Seeing bolts of lightning, the film crew made haste for the clubhouse, union rules. But not Norman. Norman got a bucket of balls and began chipping onto the practice green while the skies lit up around him.

One of the crew members began to fret. "Greg!" he yelled. "What are you doing! Can't you see what it's like out?"

Norman looked up from his wedge.

"Man, I've been struck by lightning twice in the last eight months," he yelled. "It can't happen again."

For a man who has been struck with such an extraordinary run of rotten luck, Greg Norman seems to be stubbornly carrying on. So, with Fate's hands currently around Norman's neck and Norman's around Fate's, let's take time out for a recap.

No golfer had ever chipped in on the 72nd hole to win a major, right? So what happens? On the last hole of the 1986 PGA Championship a human sand rake named Bob Tway chips in from a bunker to beat our Aussie hero, Crocodile Done-in, by two.
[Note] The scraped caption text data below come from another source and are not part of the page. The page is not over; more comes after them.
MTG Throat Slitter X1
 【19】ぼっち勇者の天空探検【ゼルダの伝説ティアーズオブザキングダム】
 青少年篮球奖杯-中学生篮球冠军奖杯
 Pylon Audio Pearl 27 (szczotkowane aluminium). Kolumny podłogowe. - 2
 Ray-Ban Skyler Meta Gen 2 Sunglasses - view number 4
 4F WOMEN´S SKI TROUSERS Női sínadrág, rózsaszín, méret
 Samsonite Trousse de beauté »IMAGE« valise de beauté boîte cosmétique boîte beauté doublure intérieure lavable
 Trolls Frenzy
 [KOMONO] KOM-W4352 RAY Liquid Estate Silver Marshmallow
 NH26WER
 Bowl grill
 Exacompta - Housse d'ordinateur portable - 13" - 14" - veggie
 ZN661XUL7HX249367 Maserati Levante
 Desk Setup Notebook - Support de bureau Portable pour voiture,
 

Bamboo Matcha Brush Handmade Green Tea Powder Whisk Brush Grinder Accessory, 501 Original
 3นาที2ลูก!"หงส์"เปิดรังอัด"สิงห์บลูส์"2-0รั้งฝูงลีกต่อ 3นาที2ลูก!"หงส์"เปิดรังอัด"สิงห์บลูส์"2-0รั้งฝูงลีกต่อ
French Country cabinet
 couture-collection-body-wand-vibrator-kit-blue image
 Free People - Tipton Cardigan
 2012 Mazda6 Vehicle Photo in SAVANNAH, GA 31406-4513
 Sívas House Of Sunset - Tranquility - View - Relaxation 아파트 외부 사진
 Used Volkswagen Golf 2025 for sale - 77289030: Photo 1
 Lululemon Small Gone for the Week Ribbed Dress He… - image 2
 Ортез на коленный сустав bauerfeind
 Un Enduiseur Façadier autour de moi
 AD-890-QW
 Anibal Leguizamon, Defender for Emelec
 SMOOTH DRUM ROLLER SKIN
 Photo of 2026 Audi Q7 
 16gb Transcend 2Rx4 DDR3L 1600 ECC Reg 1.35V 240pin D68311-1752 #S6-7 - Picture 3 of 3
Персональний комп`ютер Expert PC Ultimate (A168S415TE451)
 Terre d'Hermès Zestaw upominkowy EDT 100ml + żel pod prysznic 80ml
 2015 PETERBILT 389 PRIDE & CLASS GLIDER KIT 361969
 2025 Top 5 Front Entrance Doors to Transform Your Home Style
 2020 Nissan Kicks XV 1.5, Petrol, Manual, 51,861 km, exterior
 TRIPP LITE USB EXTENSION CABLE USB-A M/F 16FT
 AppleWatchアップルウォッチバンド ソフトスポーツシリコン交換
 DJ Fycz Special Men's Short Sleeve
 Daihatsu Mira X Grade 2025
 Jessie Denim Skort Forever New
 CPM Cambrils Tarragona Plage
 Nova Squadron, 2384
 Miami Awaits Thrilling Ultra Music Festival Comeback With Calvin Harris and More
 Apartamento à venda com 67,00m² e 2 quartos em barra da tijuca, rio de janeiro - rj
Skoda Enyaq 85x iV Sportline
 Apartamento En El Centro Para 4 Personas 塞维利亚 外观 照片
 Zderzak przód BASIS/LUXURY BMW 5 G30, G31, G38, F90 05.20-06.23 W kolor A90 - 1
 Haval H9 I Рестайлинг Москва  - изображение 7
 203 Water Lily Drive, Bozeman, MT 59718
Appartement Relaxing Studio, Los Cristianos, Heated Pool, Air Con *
Then, at the very next major, the 1987 Masters, Larry Mize, known near and near, chips in on the second hole of sudden death from a quite unchip-in-able place—140 feet away, downhill, onto a green faster than the Hackensack off ramp. Who needs a putter to play Norman? Just bring your lucky wedge and a Saint Christopher medal. Ever see a Great White Shark eaten by an anchovy? Twice?

In endorsement bonuses alone, those two miracles cost Norman more than $500,000, but that's only money. It is history Norman yearns for, and were it not for those two shots, he would have come to this week's U.S. Open at the Olympic Club in San Francisco with a raffle ticket to the modern game's first-ever Consecutive Slam—the 1986 British Open, the '86 PGA, the '87 Masters and the '87 U.S. Open. Only two literal strokes of luck kept him from it. Another catastrophe and you can look for Norman on the cover of Psychology Today .

There is more. Norman lost last year's U.S. Open at Shinnecock Hills after leading on Sunday and lost the 1986 Jack-Is-Back Masters after needing only a par on the final hole to tie. That's frightfully close to winning five of the last five majors. Instead he has just one. Norman has become the most beloved loser since Ralph Kramden.

But do you see Norman smashing every vase in his house? Do you see him refusing to go outdoors? Do you see him missing out on the tiniest sliver of fun? No, you do not.